## WHAT NEEDS TO BE DONE
Transcription, pictures excluded: write out the data below exactly.

------ EXTRACTED MATERIAL ------

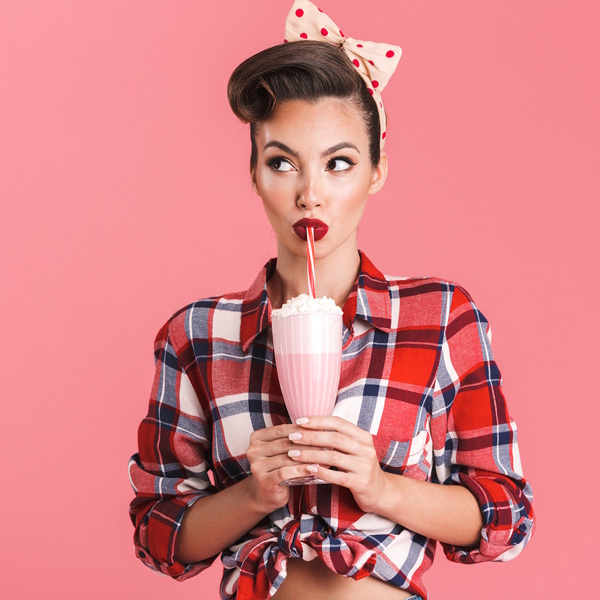 Молочный коктейль Mokate со вкусом клубники, 25 кг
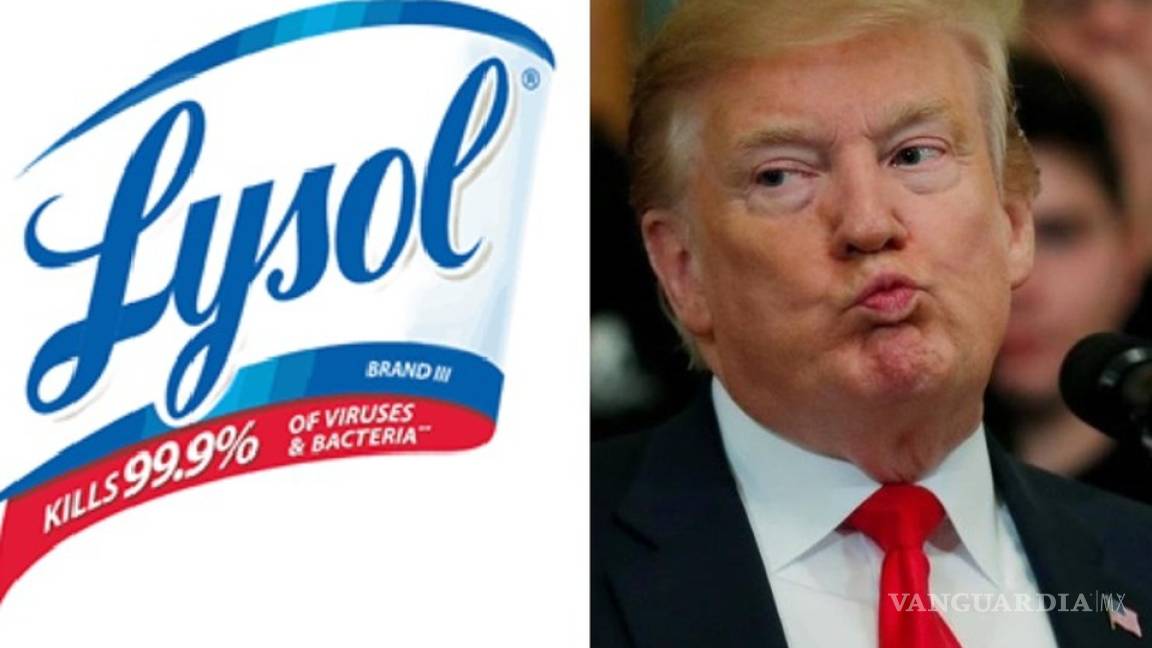 No se inyecten desinfectantes, advierte Lysol sobre declaración de Trump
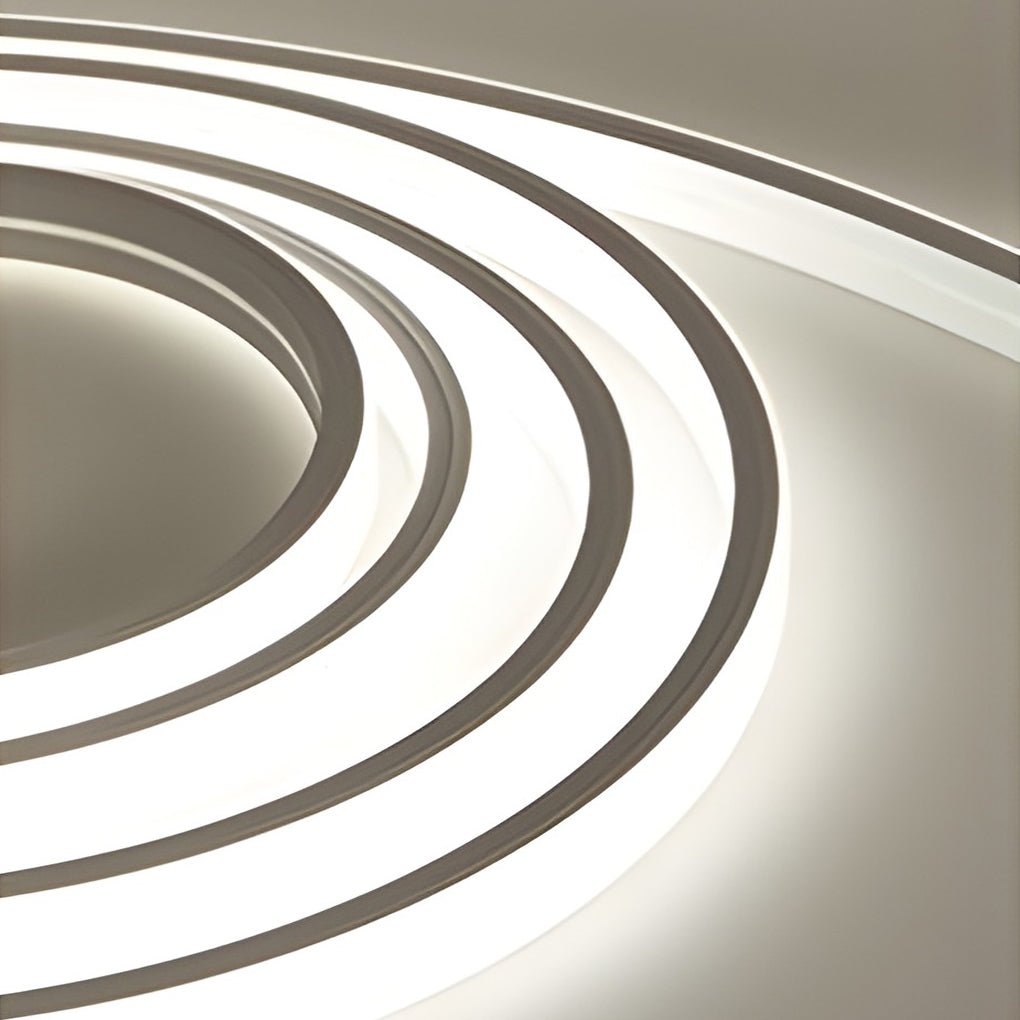 Waterproof Recessed Led Under Tread Stair Lighting Modern Flexible Strip Light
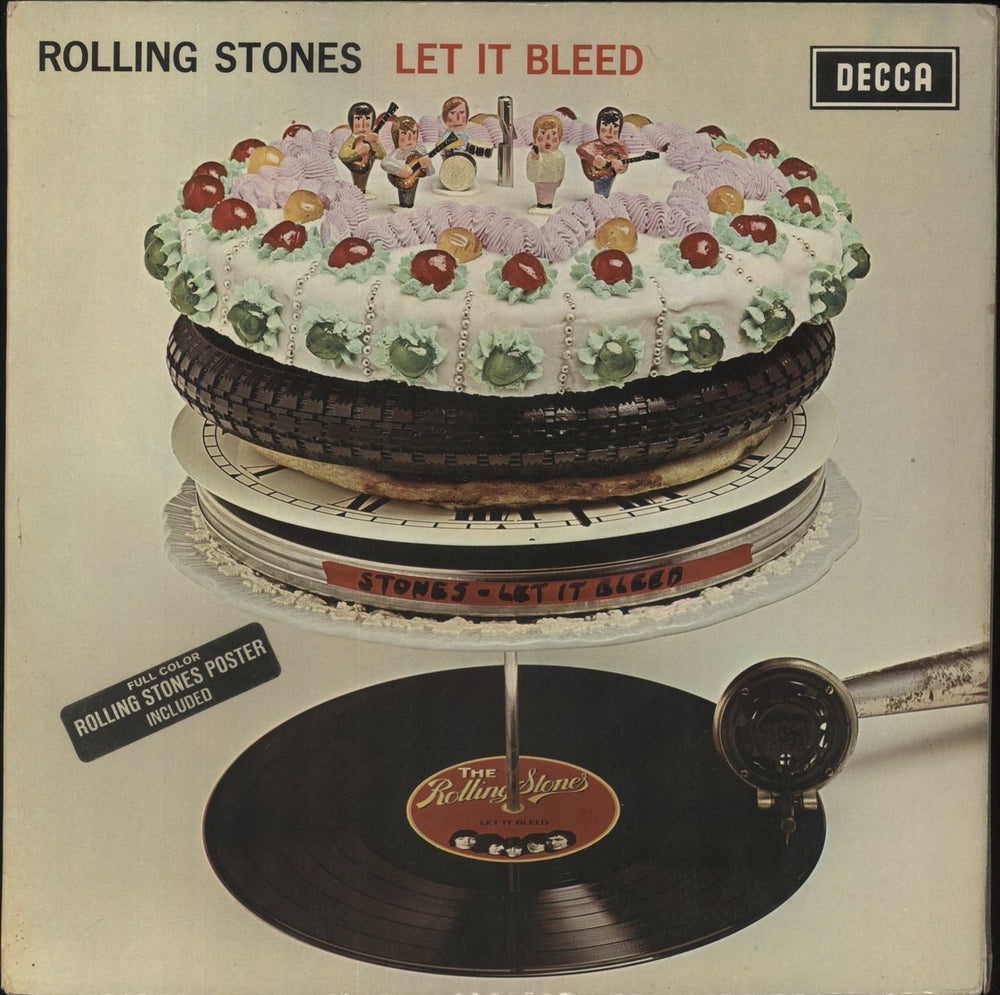 The Rolling Stones Let It Bleed - 1st - 3rd Label Design UK vinyl LP album (LP record) LK5025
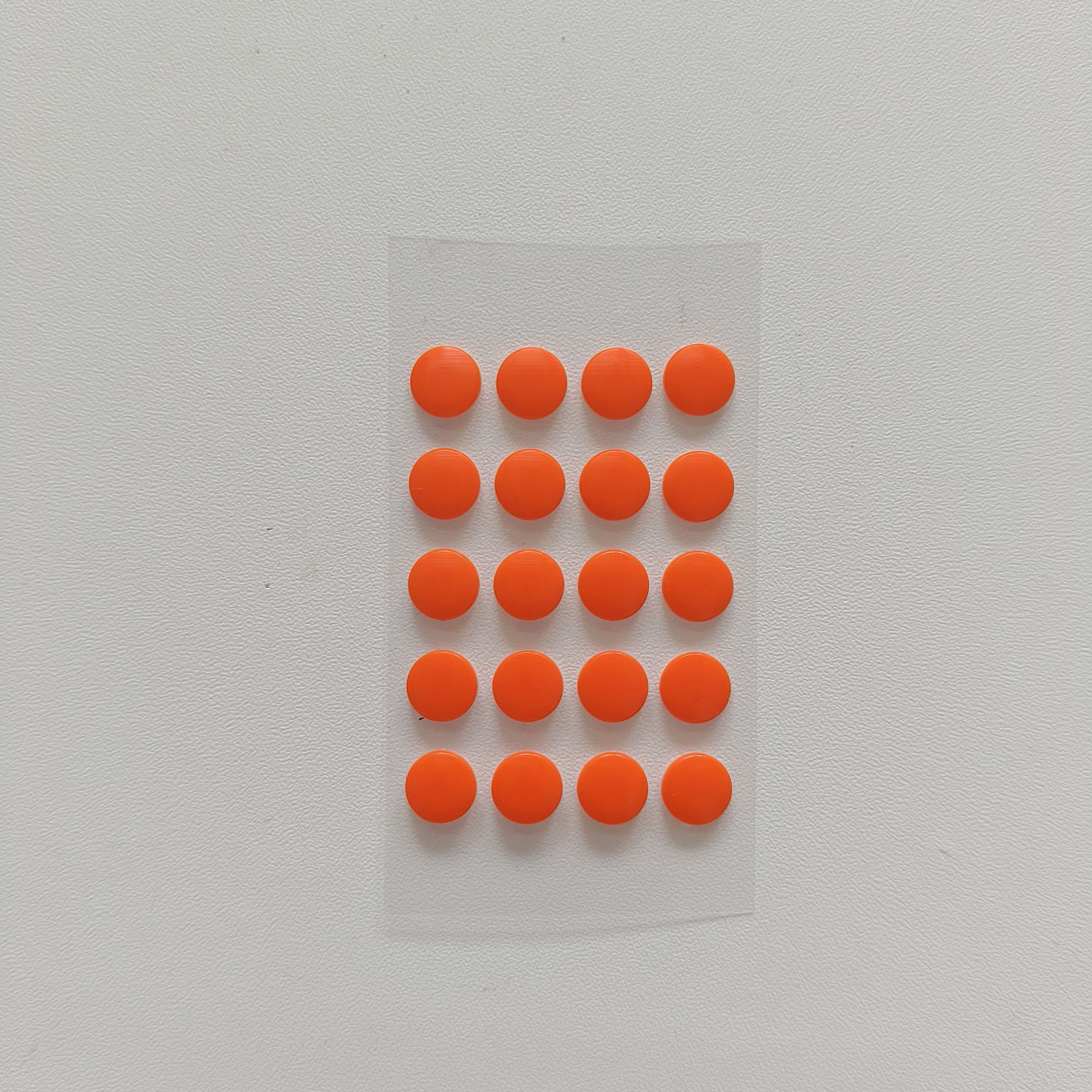 20pcs-6.5mm Orange Control + Silence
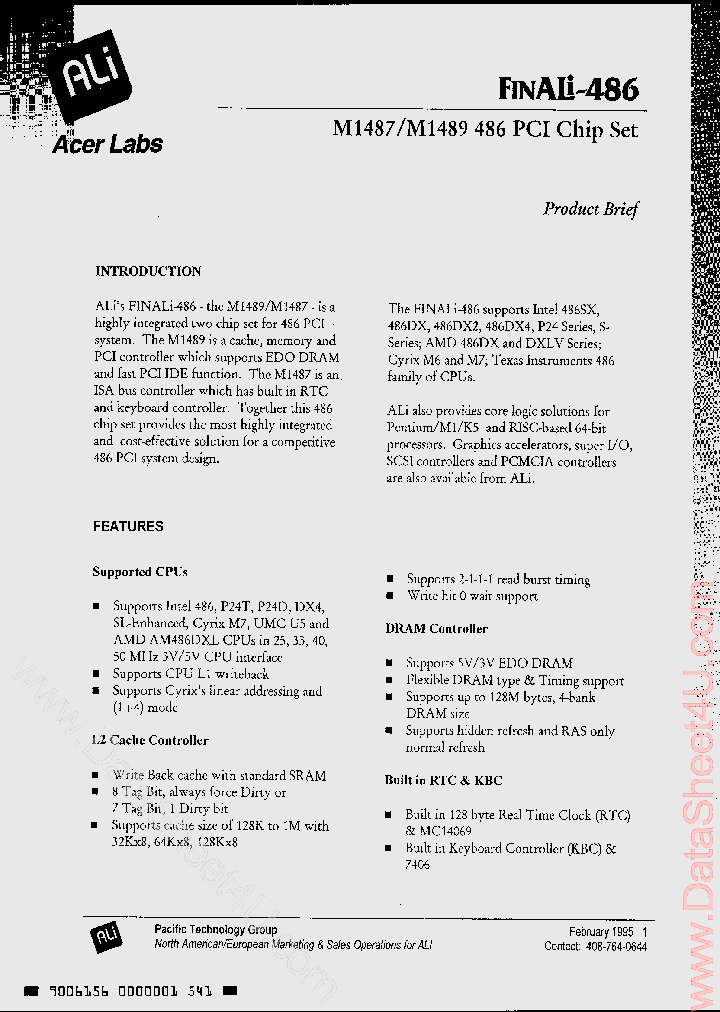 M1489_532245.PDF Datasheet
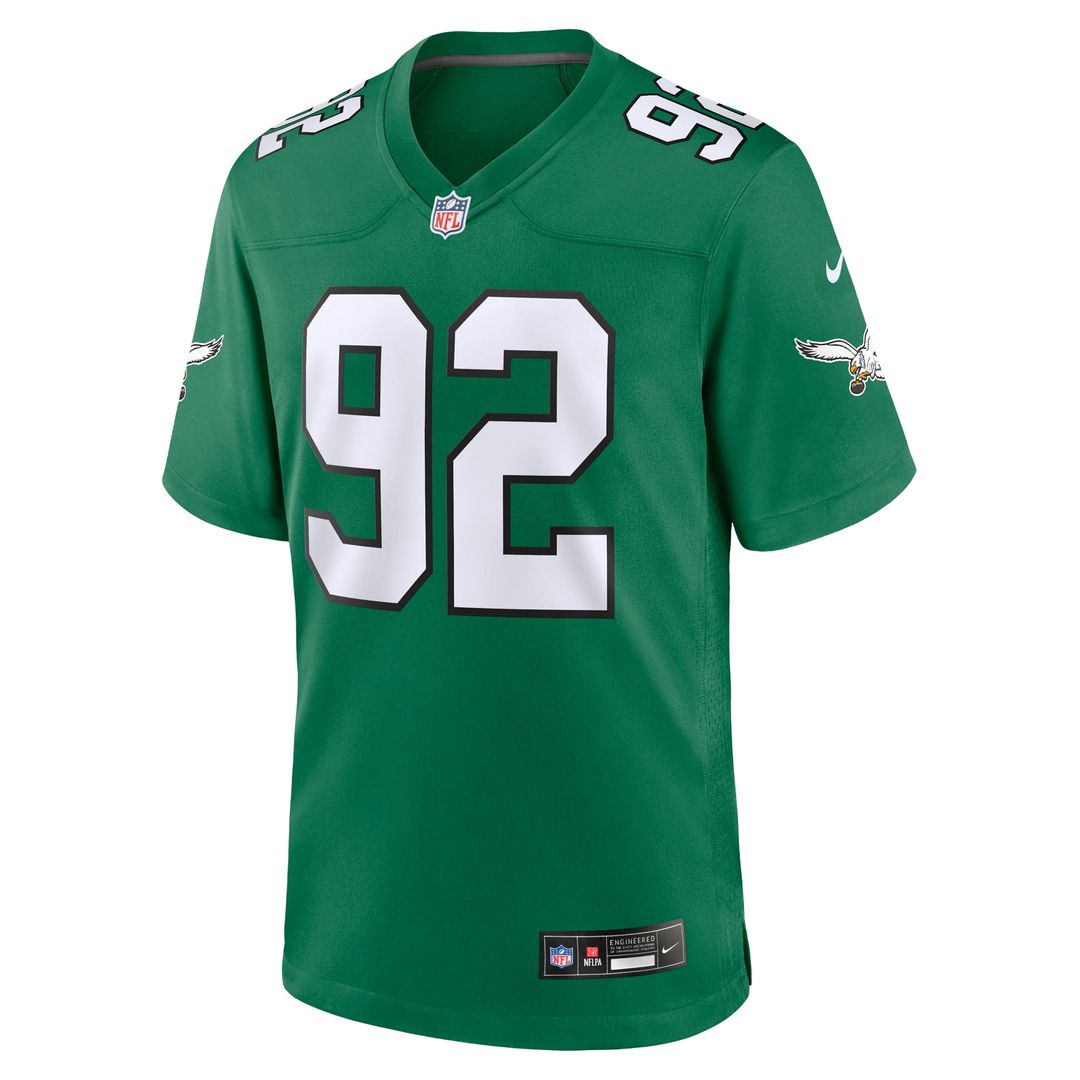Reggie White Philadelphia Eagles Nike Kelly Green Retired Player Alternate Game Jersey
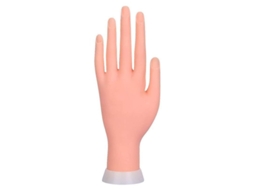Mão Artificial para Prática de Unhas Flexível Móvel Treinamento Manicure Mão Esquerda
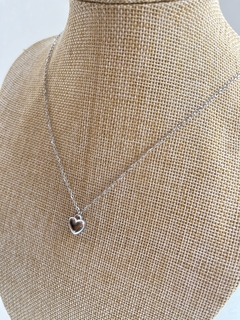 Collar Acero-Corazon (ER9181) - comprar online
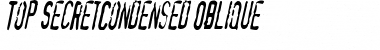TopSecretCondensed Font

------

## RESULT OF THIS EXERCISE
 Молочный коктейль Mokate со вкусом клубники, 25 кг
 No se inyecten desinfectantes, advierte Lysol sobre declaración de Trump
 Waterproof Recessed Led Under Tread Stair Lighting Modern Flexible Strip Light
 The Rolling Stones Let It Bleed - 1st - 3rd Label Design UK vinyl LP album (LP record) LK5025
 20pcs-6.5mm Orange Control + Silence
 M1489_532245.PDF Datasheet
Reggie White Philadelphia Eagles Nike Kelly Green Retired Player Alternate Game Jersey
Mão Artificial para Prática de Unhas Flexível Móvel Treinamento Manicure Mão Esquerda
 Collar Acero-Corazon (ER9181) - comprar online
TopSecretCondensed Font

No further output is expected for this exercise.